[Records from a dataset]

....................

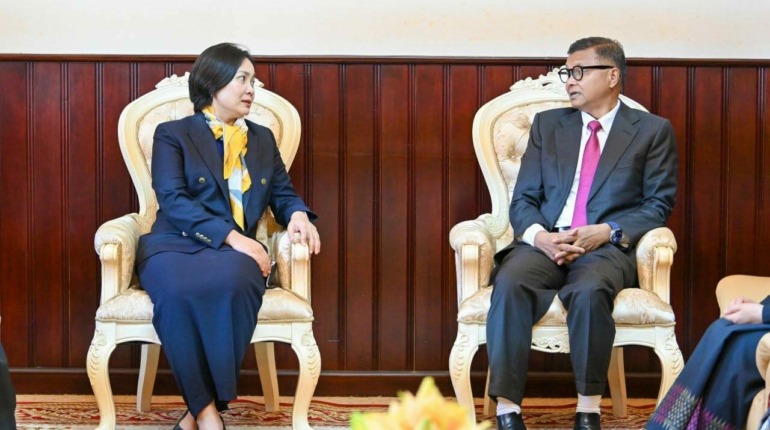 អង្គការរក្សាកុមារ បានចូលរួមចំណែកជាថវិកាចំនួន ៤០,០០០ ដុល្លារអាមេរិក ជូនក្រសួងអប់រំ យុវជន និងកីឡា ដើម្បីជួយដល់បុគ្គលិកអប់រំ លោកគ្រូ អ្នកគ្រូ សិស្សភៀសសឹក ក្នុងអំឡុងពេលសង្រ្គាមឈ្លានពានពីប្រទេសថៃ…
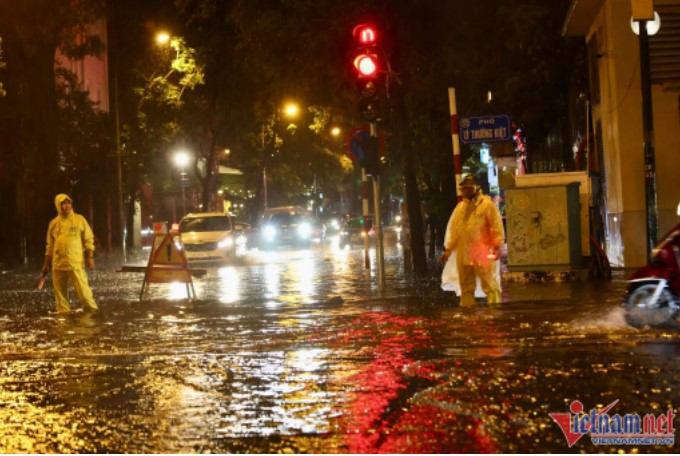 ha noi mua nhu trut nuoc nguy co ngap o mot so tuyen pho3 ha noi mua nhu trut nuoc nguy co ngap o mot so tuyen pho3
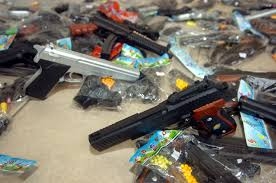 Comercialização de armas de brinquedo é proibida, conforme o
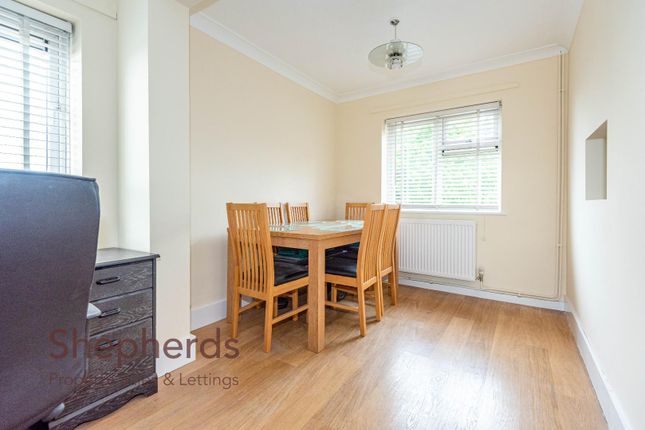 20, Harrington Court, Hertford Heath photo 4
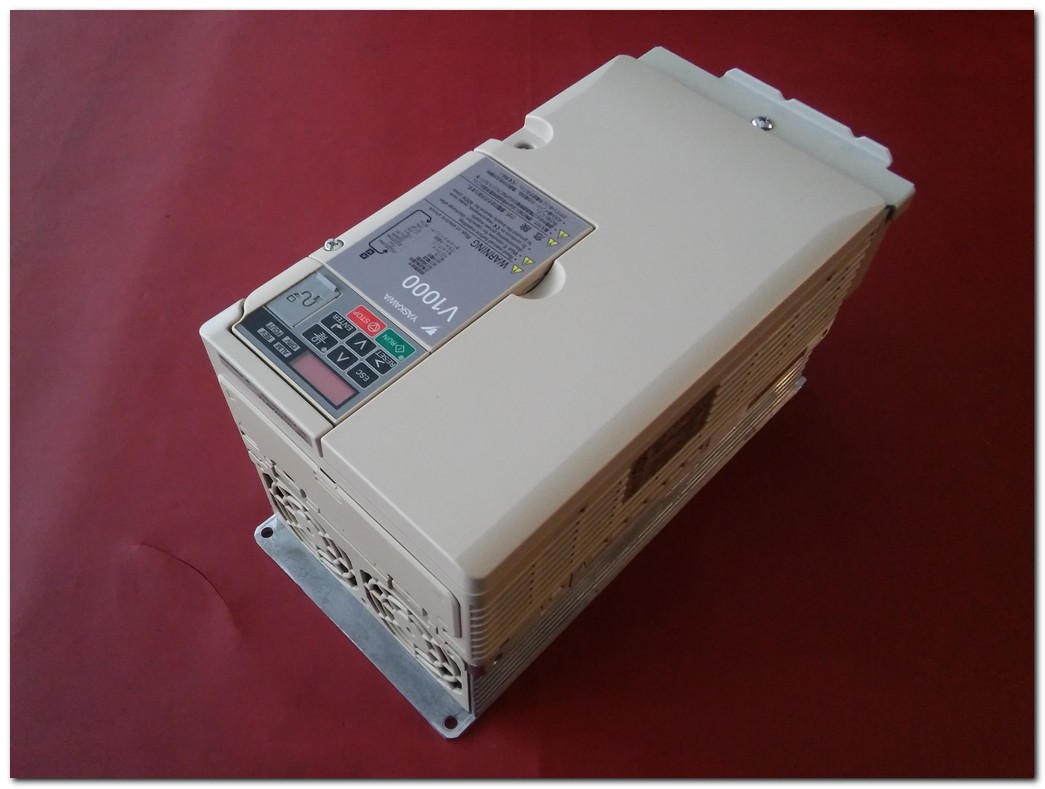 YASKAWA CIMR-VA2A0040FAA 11KW SÜRÜCÜ 3X220 V1000 11 KW INVERTER DRIVER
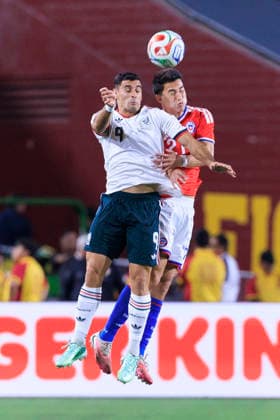 October 6, 2026, Los Angeles, California, USA: Jonathan Villagra 27 of Chile and German Berterame 9 of Mexico head the ball during an International Friendly, Länderspiel, Nationalmannschaft match at the Los Angeles Memorial Coliseum on Tuesday October 6, 2026 in Los Angeles, California. ARIANA RUIZ PI Los Angeles USA - ZUMAp124 20261006_zaa_p124_081 Copyright: xArianaxRuizx
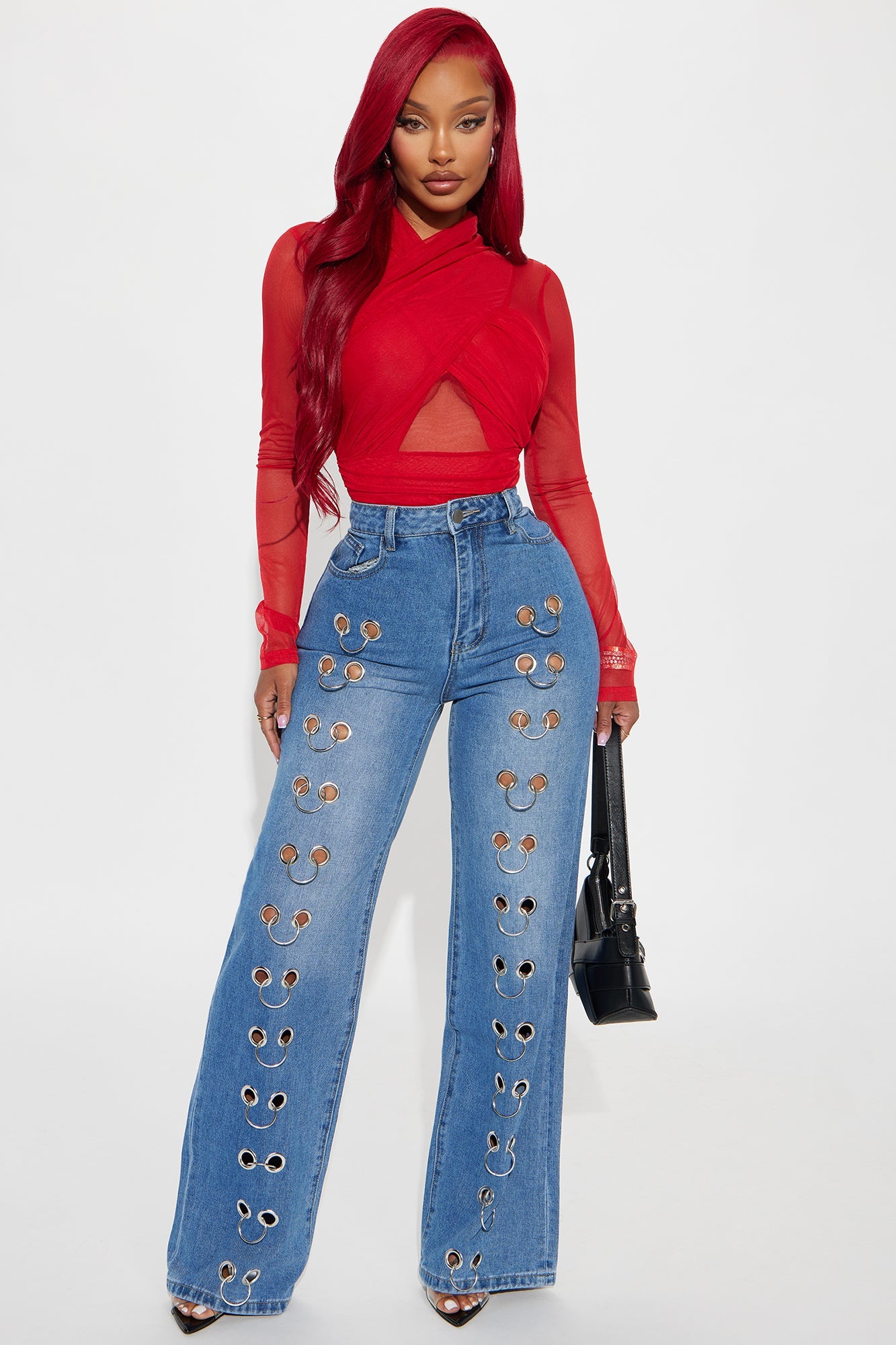 https://cdn.shopify.com/s/files/1/0293/9277/files/09-25-24_S2_27_23GWF13689B_Red_CXB_RL_15-53-08_10839_PXF.jpg?v=1727383532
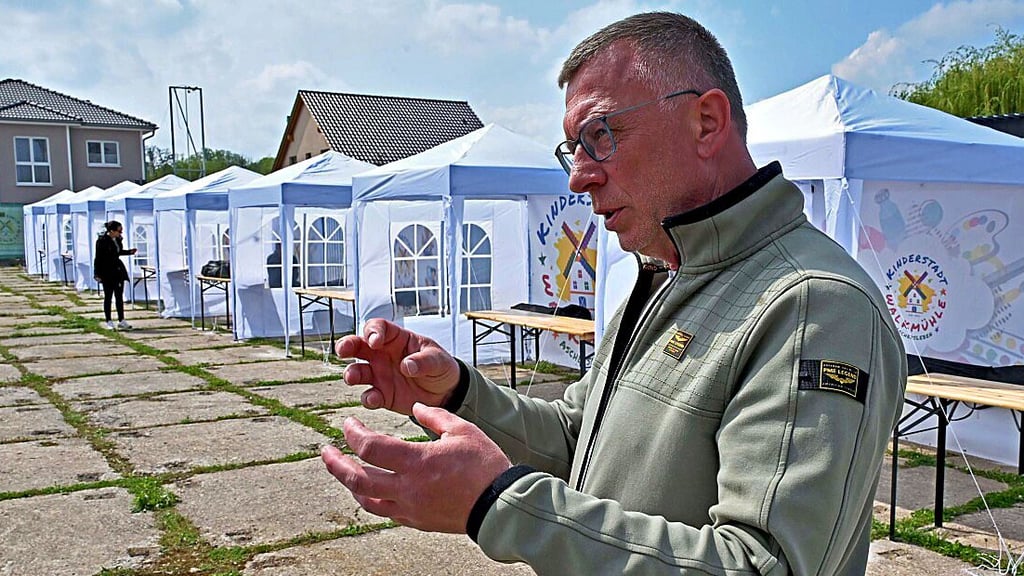 Marko Krogmann ist mit dem Probeaufbau der Kinderstadt auf seinem Gelände im Walkmühlenweg zufrieden.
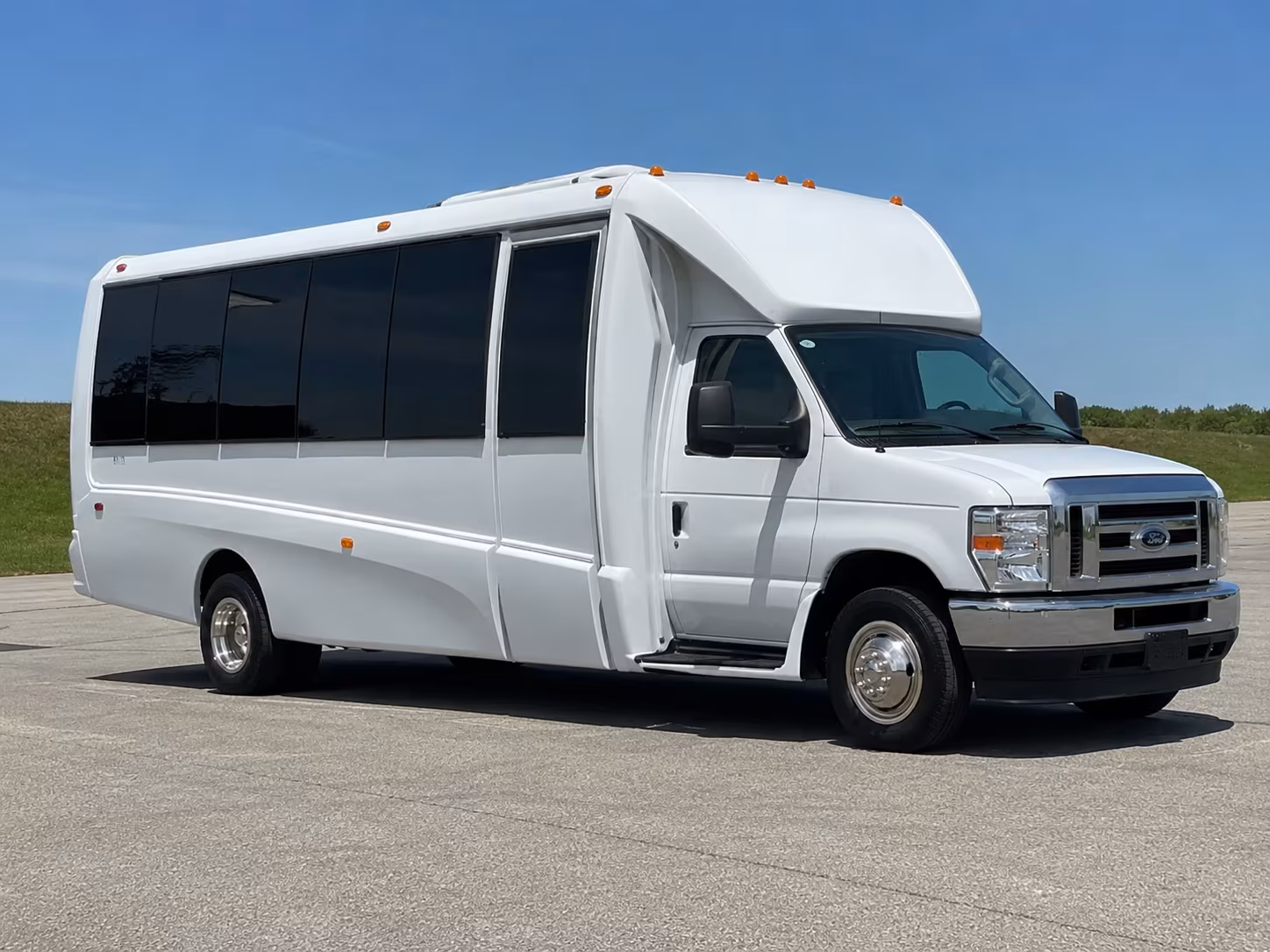 airport transfer buses for out of town wedding guests arriving at clt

....................

- _Task directions_: Transcribe every entry exactly. Leave out the pictures.

- _Exercise solution_:
 អង្គការរក្សាកុមារ បានចូលរួមចំណែកជាថវិកាចំនួន ៤០,០០០ ដុល្លារអាមេរិក ជូនក្រសួងអប់រំ យុវជន និងកីឡា ដើម្បីជួយដល់បុគ្គលិកអប់រំ លោកគ្រូ អ្នកគ្រូ សិស្សភៀសសឹក ក្នុងអំឡុងពេលសង្រ្គាមឈ្លានពានពីប្រទេសថៃ…
 ha noi mua nhu trut nuoc nguy co ngap o mot so tuyen pho3 ha noi mua nhu trut nuoc nguy co ngap o mot so tuyen pho3
 Comercialização de armas de brinquedo é proibida, conforme o
 20, Harrington Court, Hertford Heath photo 4
 YASKAWA CIMR-VA2A0040FAA 11KW SÜRÜCÜ 3X220 V1000 11 KW INVERTER DRIVER
 October 6, 2026, Los Angeles, California, USA: Jonathan Villagra 27 of Chile and German Berterame 9 of Mexico head the ball during an International Friendly, Länderspiel, Nationalmannschaft match at the Los Angeles Memorial Coliseum on Tuesday October 6, 2026 in Los Angeles, California. ARIANA RUIZ PI Los Angeles USA - ZUMAp124 20261006_zaa_p124_081 Copyright: xArianaxRuizx
 https://cdn.shopify.com/s/files/1/0293/9277/files/09-25-24_S2_27_23GWF13689B_Red_CXB_RL_15-53-08_10839_PXF.jpg?v=1727383532
 Marko Krogmann ist mit dem Probeaufbau der Kinderstadt auf seinem Gelände im Walkmühlenweg zufrieden.
 airport transfer buses for out of town wedding guests arriving at clt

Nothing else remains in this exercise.